• [AIM OF THE EXERCISE]: Locate the word "Single" in the data below, then copy every line that holds it.

• [DATA FOR ANALYSIS]:
-----
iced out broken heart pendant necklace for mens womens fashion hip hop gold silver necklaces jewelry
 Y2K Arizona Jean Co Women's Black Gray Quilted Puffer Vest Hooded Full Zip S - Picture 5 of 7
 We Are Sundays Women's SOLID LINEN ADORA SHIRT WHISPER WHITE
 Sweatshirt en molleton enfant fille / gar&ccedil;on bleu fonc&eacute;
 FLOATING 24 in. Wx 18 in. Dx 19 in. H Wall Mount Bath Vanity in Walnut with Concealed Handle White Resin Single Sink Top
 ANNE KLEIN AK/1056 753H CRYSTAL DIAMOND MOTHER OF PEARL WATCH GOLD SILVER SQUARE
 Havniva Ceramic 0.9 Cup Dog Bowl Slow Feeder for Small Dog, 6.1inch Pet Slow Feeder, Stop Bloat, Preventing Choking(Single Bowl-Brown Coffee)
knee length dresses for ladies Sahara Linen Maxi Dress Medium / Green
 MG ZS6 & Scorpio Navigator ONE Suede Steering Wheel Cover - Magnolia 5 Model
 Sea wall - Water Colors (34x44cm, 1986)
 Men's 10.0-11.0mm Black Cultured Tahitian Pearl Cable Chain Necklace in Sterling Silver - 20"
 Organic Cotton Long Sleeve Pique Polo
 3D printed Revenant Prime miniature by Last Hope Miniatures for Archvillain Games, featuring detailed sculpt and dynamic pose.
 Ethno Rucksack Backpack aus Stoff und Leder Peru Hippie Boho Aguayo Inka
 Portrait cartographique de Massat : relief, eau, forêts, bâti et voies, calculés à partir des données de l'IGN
-----
• [FINISHED TASK]:
 FLOATING 24 in. Wx 18 in. Dx 19 in. H Wall Mount Bath Vanity in Walnut with Concealed Handle White Resin Single Sink Top
 Havniva Ceramic 0.9 Cup Dog Bowl Slow Feeder for Small Dog, 6.1inch Pet Slow Feeder, Stop Bloat, Preventing Choking(Single Bowl-Brown Coffee)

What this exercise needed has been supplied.